"I'm calling with good news," Matthew informed Ivan without preamble. He was lounging in his comfortable armchair, feet propped up on his office desk - after all, it was past eight o'clock, and nobody was likely to come in and disturb him. Which was probably a good thing, because the ear-splitting grin on his face while talking to a Russian representative would have freaked his staff out, never mind tipped them off.

"You calling is always good news," Ivan said, sounding absolutely sincere.

Matthew's heart did a little leap at that, but he was too excited about his news to dwell on that. "Gilbert and Roderich are together. Well, kind of together, anyway."

"Please explain to me, how one can be 'kind of together'?" Ivan asked, sounding amused.

"Well, you know... things are still in flux, nothing's fixed yet, but they do seem to have reached some sort of understanding. I don't know how else to interpret Gilbert French kissing Roderich, while he was cooking breakfast... and Roderich letting him, without resorting to Elizaveta's much beloved frying pan counterattack."

"I remember that one," Ivan replied, chuckling. "She's a fury when angered. Anyway... this is a positive development, isn't it? It's what Roderich wanted."

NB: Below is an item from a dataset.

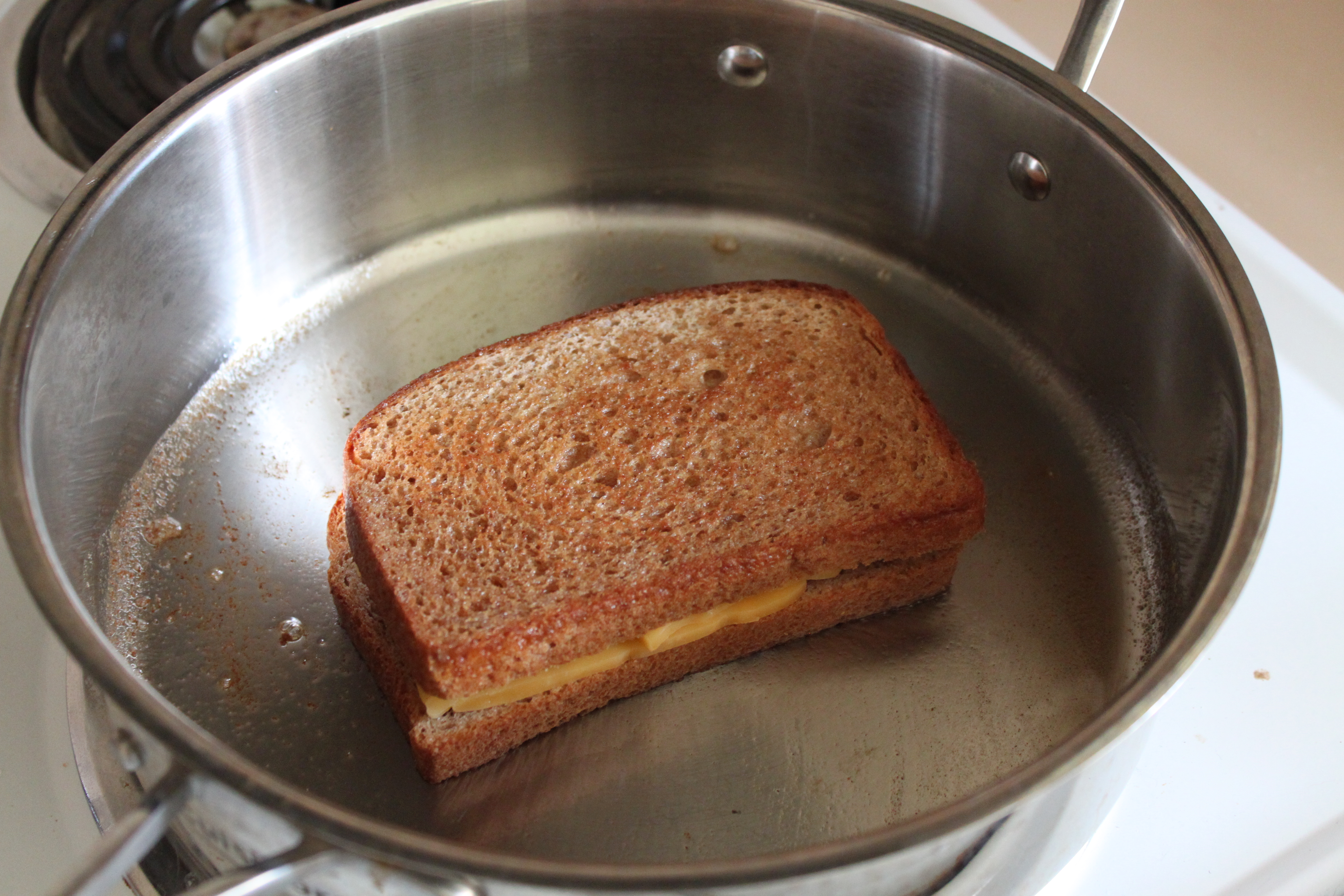 Move toasted bread on top of cheese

"Positive? Yeah, I'd say so. Of course, Gilbert will be insufferably smug for the rest of the century, if not longer, but that shouldn't be too hard on anyone but Ludwig and Elizaveta." He tried to imagine Ludwig's expression when he was told about this new development. It would be somewhere between despair and resignation. Probably closer to the former.

"But I do think Roderich is glad," he added. "I still don't understand why he was so worried in the first place. It's pretty obvious to everyone with eyes that Gilbert really likes him and cares about him, and that's a lot to say, because Gilbert doesn't like that many people."

"Ah, but there is more to it, Matvey," Ivan said slowly.

Matthew raised his brows. "Oh? Would you happen to know something I don't?"

"'Know' is perhaps not the right verb. Rather, I suspect."

"Tell me?" Matthew suggested. With Ivan, you sometimes had to state the obvious.

After a short pause, Ivan agreed. "Yes, I suppose I should." Matthew did not like the sudden air of gravity in his voice. "Have you ever wondered, why Gilbert, who is supposedly a dead nation, who lost his territory and whose population merged into that of Germany over a century ago, is still around?"

Of course he had. They all had. "Special circumstances?"

"Yes, but... The most basic concept of a state is that it is made up of three elements: population, territory and a central government that maintains - or, in many cases, tries to maintain - a monopoly over the legitimate use of force within that territory and upon that population. Now, a nation is a bit different. A nation does not necessarily have to hold territory, otherwise Poland would be dead several times over. Nor does it have to be in full control of its own fortune - take almost all of the former colonies, Afghanistan, Iraq, Germany after WW II, Austria after the Anschluss, and all my little satellites. A nation can be no more than a group of people who share the same ethnicity, language, religion, and so on. Ariel comes to mind at that. However, at least one of these elements has to be present. Now take Gilbert - no population, at least none that could in any way be separated from that of Germany as a whole. No territory, he lost that long ago. And no dominion over anything. He has been adrift since the 1940s, if not longer. By all definitions, he should have ceased to exist."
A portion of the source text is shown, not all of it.